For the long period of time between 1910 and 1945, the entire Korean peninsula was occupied by the Japanese Imperialist and luckily unshackled from the fetters of the Japanese colonial rule on August 15, 1945 thanks to the U.S. atomic bombs dropped on two densely populated cities in Japan.
Strangely enough, the dim-witted people on the Korean peninsula began clashing each other being separated as pro-Communism and pro-Capitalism rather than solidifying national power right after the liberation. Such a chaotic situation continued for about five years in between the 38th parallel drawn by the two super powers after the Japanese surrender.

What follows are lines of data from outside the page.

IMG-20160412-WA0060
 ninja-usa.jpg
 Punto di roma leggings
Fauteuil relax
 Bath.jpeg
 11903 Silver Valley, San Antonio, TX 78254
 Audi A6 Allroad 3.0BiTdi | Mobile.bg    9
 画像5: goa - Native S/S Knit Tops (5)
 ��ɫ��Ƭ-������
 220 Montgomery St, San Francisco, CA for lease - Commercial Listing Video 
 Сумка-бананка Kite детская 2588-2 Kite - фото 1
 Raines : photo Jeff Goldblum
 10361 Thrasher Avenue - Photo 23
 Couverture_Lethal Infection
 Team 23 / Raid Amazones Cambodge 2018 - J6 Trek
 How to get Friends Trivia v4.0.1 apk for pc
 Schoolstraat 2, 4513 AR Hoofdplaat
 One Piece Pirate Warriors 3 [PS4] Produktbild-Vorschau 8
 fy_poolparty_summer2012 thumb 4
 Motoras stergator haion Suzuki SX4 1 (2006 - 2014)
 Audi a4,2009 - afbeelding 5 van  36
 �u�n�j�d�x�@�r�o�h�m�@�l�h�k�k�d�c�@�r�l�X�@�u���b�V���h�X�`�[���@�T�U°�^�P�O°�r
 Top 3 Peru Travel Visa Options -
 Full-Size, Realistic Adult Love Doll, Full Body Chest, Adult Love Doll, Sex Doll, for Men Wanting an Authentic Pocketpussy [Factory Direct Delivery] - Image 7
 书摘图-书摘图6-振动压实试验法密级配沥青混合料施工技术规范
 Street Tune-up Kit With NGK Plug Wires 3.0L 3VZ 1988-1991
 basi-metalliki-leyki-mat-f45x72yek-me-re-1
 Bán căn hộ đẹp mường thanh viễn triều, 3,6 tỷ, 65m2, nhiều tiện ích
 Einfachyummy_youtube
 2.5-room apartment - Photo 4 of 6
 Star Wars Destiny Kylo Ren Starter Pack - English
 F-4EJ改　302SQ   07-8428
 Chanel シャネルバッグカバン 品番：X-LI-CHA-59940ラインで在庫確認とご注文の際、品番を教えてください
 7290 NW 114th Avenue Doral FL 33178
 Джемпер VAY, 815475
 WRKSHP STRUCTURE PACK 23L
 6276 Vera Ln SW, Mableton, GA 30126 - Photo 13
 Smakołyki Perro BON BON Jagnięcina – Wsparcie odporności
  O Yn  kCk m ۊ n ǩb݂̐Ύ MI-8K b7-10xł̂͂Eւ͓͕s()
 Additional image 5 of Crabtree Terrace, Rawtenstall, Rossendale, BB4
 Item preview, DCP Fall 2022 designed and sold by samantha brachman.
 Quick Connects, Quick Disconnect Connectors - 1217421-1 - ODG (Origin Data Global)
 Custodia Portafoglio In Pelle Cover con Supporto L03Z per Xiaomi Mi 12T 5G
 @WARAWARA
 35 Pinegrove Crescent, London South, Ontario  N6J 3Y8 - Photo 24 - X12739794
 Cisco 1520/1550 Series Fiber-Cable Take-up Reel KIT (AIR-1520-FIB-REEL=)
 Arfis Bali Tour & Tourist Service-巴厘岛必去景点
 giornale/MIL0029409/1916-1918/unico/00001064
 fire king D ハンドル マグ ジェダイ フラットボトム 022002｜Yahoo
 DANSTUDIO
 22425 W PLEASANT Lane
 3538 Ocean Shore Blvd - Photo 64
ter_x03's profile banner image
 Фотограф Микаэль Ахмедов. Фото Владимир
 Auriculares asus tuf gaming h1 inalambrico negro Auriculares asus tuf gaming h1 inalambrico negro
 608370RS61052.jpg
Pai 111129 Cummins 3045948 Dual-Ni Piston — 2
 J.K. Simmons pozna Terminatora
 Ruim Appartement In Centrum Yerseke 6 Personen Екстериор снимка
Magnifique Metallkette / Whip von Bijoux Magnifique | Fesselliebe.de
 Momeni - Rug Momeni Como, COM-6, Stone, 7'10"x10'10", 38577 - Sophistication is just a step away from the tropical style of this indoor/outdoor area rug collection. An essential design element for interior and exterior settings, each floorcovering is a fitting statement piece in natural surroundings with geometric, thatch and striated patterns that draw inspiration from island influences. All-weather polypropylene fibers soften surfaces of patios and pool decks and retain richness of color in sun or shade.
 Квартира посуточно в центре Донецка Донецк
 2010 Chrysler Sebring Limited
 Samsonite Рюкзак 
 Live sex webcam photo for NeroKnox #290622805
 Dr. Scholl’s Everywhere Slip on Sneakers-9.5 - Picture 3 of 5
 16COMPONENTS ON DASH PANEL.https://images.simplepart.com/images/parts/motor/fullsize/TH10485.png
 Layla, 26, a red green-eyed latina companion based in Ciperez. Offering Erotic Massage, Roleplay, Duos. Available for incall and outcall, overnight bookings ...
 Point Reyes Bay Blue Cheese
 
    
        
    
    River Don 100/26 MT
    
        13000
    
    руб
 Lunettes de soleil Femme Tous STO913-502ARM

On August 15, 1948, a legitimate government of the Republic of Korea solely approved by the United Nations was finally established in the South amid endless sabotages and interruptions from the North.
But unfortunately, at dawn of June 25, 1950, on Sunday, the USSR backed North Korean Communist regime heavily equipped with the Soviet weapons and munitions invaded South Korea by launching a surprise attack. The surprise attack caught South Korea completely off guard as the newly born nation was not properly prepared for the surprise attack.
Therefore, an unresisting seizure of the ROK’s capital of Seoul by the enemy was possible in just three days. The NK communist regime at last forced its way down to the Nakdong river front, a perimeter area of Busan, the second largest city located 430 km away from Seoul to the far south in three months despite rapid US forces deployments to deter enemy’s continued advance.
In the meantime, by the grace of God, because of the Inchon Amphibious Operation (Chromite) commanded by General of the Army Douglas MacArthur of the United States Army, South Korea was able to recapture of her capital of Seoul on September 28, 1950.
Viewing ROK’s modern history especially on ROK-US alliance, it is an undeniable fact that the United States saved ROK twice the first in 1945 and the second in1950, which played an essential role in helping South Korea to build a remarkable prosperity we are enjoying today.
Nonetheless, though we hope not, we Koreans have become aware of that the amicable 70-year-long alliance relationship between the two countries, ROK and the United States seems to be slowly deteriorating against our will.
On this particular occasion, a flood of anxious thoughts that abruptly coursed through my mind makes me remind our fellow Koreans of a well-known saying left by a US philosopher, George Santayana “those who cannot remember the past are condemned to repeat it”. Dear fellow citizens, let’s not fail to remember the past and bring our utmost efforts so that it cannot be repeated in our history. Thanks to you all.